Tanto Guzmán como Piñera fracasaron. El primero, con el triunfo del "No" en el plebiscito de 1988, en medio de una bonanza económica sin precedentes. El segundo, con el fracaso de su fórmula inicial, que le obligó a incorporar al Gobierno a los viejos políticos de la derecha.
Pero la idea de acabar con la política está lejos de haberse extinguido. Prueba de ello fue el éxito de Andrés Velasco en las recientes primarias presidenciales, con su discurso contra la "vieja" política.
A diferencia de la vieja, la Nueva Política se basa en expertos en "políticas públicas", no en militantes. No le da mayor valor a la deliberación ciudadana como fuente de conocimiento. Al revés, estima que es un caldo de cultivo para las ideologías y los intereses sectoriales y que, por eso mismo, atenta contra las "buenas" políticas públicas, cuya fuente es el análisis técnico y la discusión entre pares.
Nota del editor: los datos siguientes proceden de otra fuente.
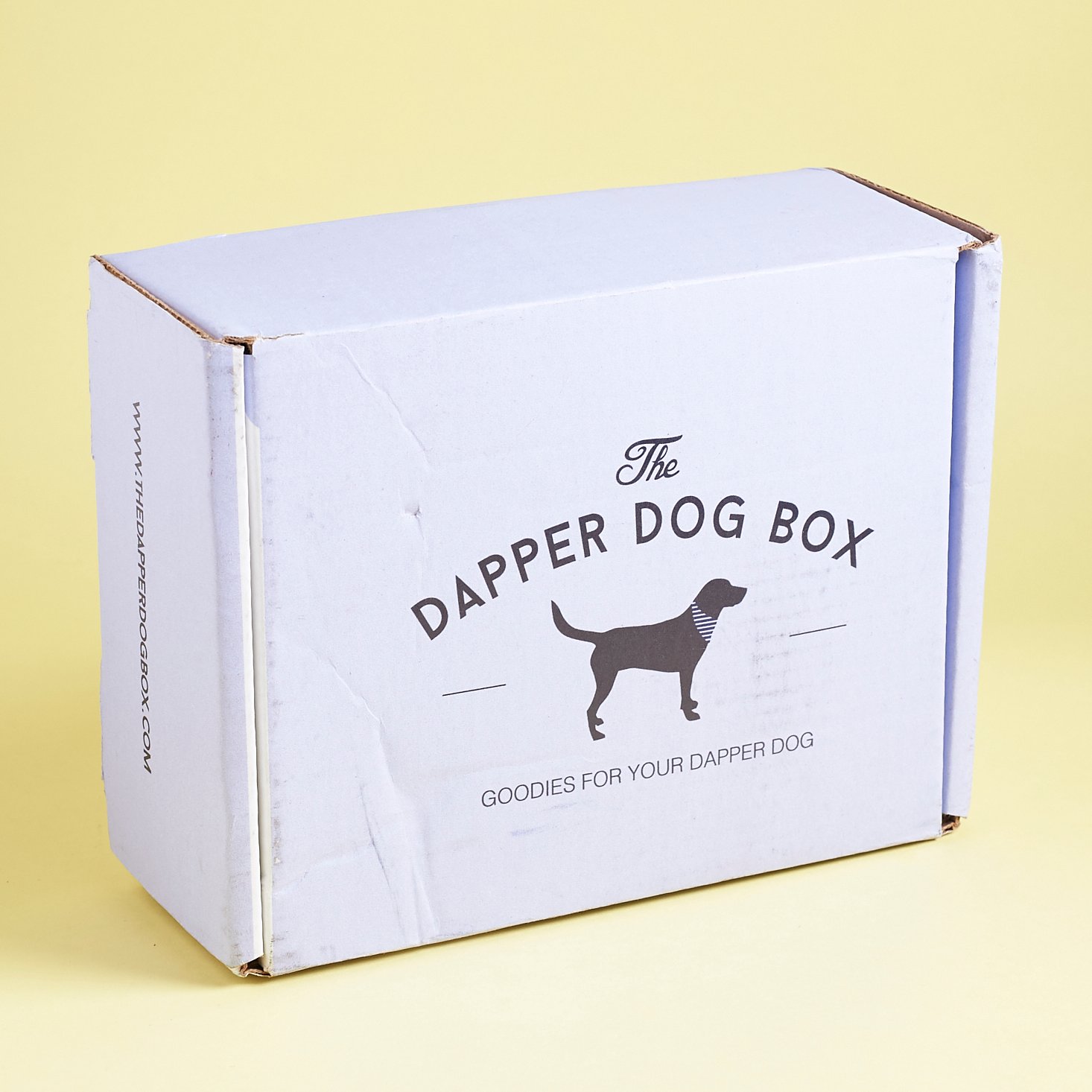 Dapper-Dog-Box-January-2017-0001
El fantasma primordial de la Nueva Política es el "populismo". Así tildan a cualquier propuesta que: 1) no esté basada en un análisis económico; 2) responda a demandas de un grupo social determinado o a una ola de opinión pública; y 3) no encaje con una teoría general, cualquiera sea esta, y por ende (porque en su caso, ambos se confunden), con el "bien común". Las instituciones clásicas de la democracia, como el Parlamento, los partidos políticos, los sindicatos y los gremios, son el vehículo preferente del "populismo". Ellas, por definición, buscan congraciarse con las pulsiones de la ciudadanía o de los grupos de interés, pues dependen de su adhesión. De ahí que la Nueva Política rehúya a los partidos y al Parlamento, y busque reducir su poder. Prefiere apelar directamente a la ciudadanía, sin mediaciones institucionales, apoyándose en instancias como los think-tanks , corporaciones o movimientos o clubes de expertos.
¿Tendrá éxito esta vez la Nueva Política? No la tiene fácil, porque no es evidente que ella corrija los vicios de la "vieja". Por ejemplo, no está escrito en piedra que las decisiones de los expertos tengan menos probabilidad de error que aquellas que consideran el conocimiento de los actores sociales y políticos. Ni que ellos no se dejen guiar por sus emociones e intereses, tal como lo hace el resto de los humanos. Tampoco que los think-tanks y entes similares sean más transparentes y abiertos que los partidos, o que no responden exclusivamente a los intereses de sus líderes, para extinguirse una vez que estos alcanzan sus metas.
Todo indica que los buenos viejos tiempos en que la política podía estar en manos de los expertos está llegando a su fin. Y que ha llegado la hora -como sostiene Bruno Latour- de reconocer el valor de la vieja política; esa actividad capaz "de obtener, a partir de una multitud, una unidad; a partir de una suma de recriminaciones, una voluntad unificada", aunque deba ocupar para esto "un razonamiento curvo, sinuoso, circular, lleno de meandros".